JAKARTA - Pemerintah Indonesia tengah mempertimbangkan untuk menambah impor minyak dan Liquefied Petroleum Gas (LPG) dari Amerika Serikat (AS). Namun, langkah ini menuai perhatian dari Komisi XII Dewan Perwakilan Rakyat (DPR) RI terkait potensi dampak biaya transportasi yang dapat membebani Anggaran Pendapatan dan Belanja Negara (APBN).
Pertimbangan Biaya Transportasi dalam Impor Energi
Anggota Komisi XII DPR RI, Eddy Soeparno, menekankan pentingnya mempertimbangkan biaya transportasi dalam keputusan impor energi. "Kalau memang biaya transportasinya juga tinggi, mungkin yang lebih masuk akal misalkan saja, mohon maaf, ada biaya transportasi yang perlu kita perhitungkan," ujar Eddy dalam program Energy Corner CNBC Indonesia. Ia menambahkan bahwa Indonesia perlu mengevaluasi apakah penambahan impor dari AS harus berasal dari sektor minyak dan gas bumi (migas), mengingat biaya transportasi yang tinggi dapat berdampak pada pembengkakan biaya impor.

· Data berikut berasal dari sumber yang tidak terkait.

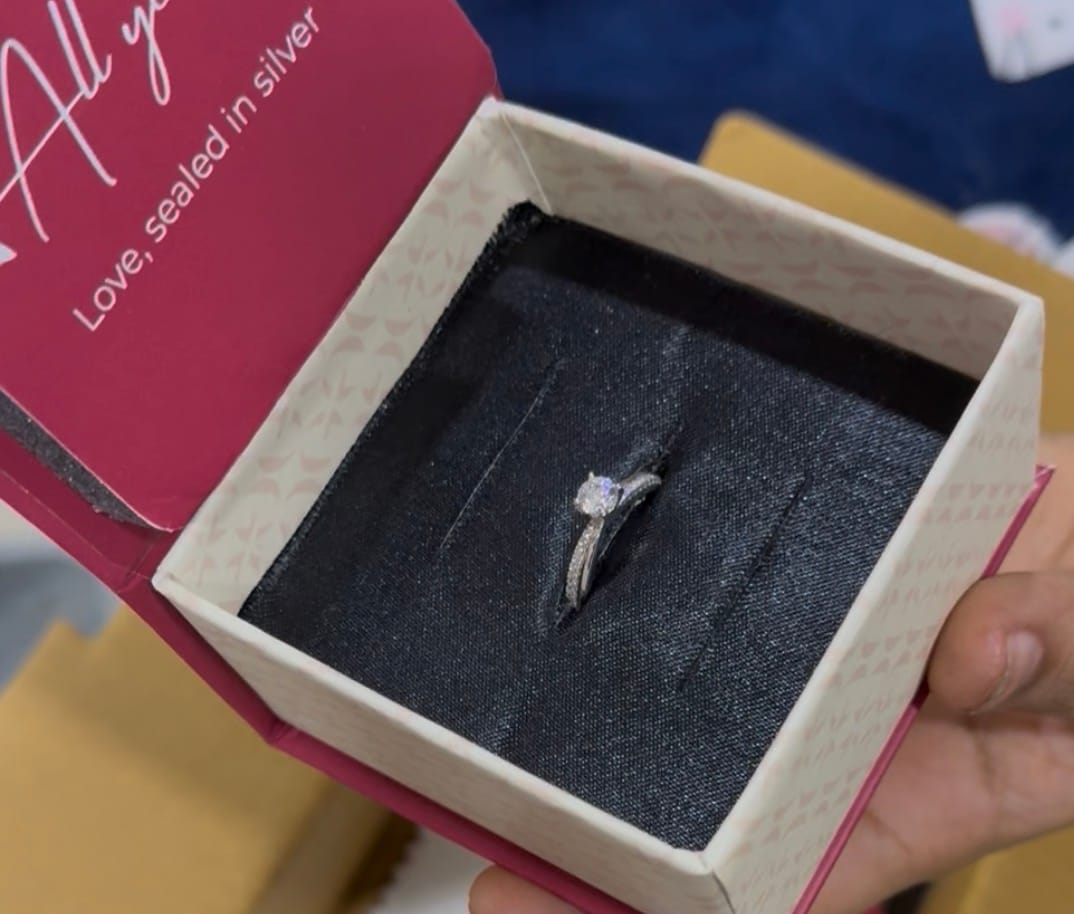 Customer photo review of Silver Zircon Layered Ring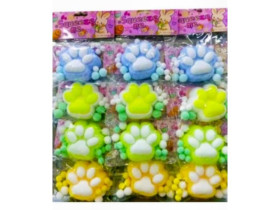 Таба лапка кольорова #31/308 сквіш антистрес 7сm (16шт)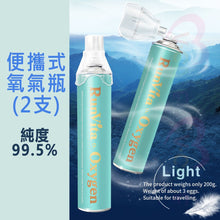 將圖片載入圖庫檢視器 VOCA - Portable Pure Oxygen Cylinder with Mask | Increases Blood Oxygen Levels | Home Emergency Oxygen Bottle | Hypoxia | Altitude Sickness | Emergency Oxygen Supply | 10L | Mask Type | 99.5% Purity | 2 Bottles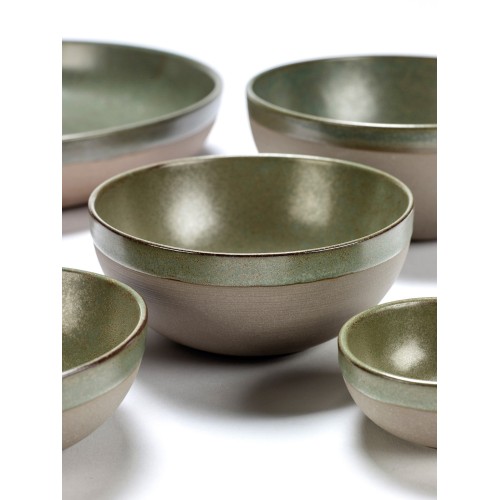 Bols grès émaillé Surface Camo Green, Serax par Sergio Herman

Dampak Jarak Jauh terhadap Biaya dan Persediaan
Widhyawan Prawiraatmadja, mantan Gubernur Indonesia untuk Organisasi Negara Pengekspor Minyak (OPEC) pada 2015–2016, mengingatkan bahwa jarak yang jauh antara Indonesia dan AS akan meningkatkan biaya transportasi. "Jauh itu berarti kalau bawa dari sana ke sini tuh takes time. Jadi dua kali lebih panjang," ujarnya. Ia menjelaskan bahwa perjalanan yang memakan waktu lebih lama akan menambah biaya transportasi dan memerlukan persediaan yang lebih besar. "Artinya kan selain transportation cost-nya lebih tinggi, itu juga ada biaya persediaan yang kita harus sediakan. Karena yang tadinya cukup 10 hari, persediaannya ini harus 20 hari, karena waktunya agak lama," tambah Widhyawan.
Alih Impor sebagai Solusi Sementara
Menteri Koordinator Bidang Perekonomian, Airlangga Hartarto, menjelaskan bahwa penambahan impor dari AS bersifat alih impor, bukan penambahan volume impor secara keseluruhan. "Tidak disetop, volumenya yang mungkin dikurangi," ujarnya. Ia menambahkan bahwa rencana alih impor tersebut tidak akan mengganggu APBN. Namun, keputusan ini tetap memerlukan evaluasi mendalam terkait dampak biaya dan efisiensi.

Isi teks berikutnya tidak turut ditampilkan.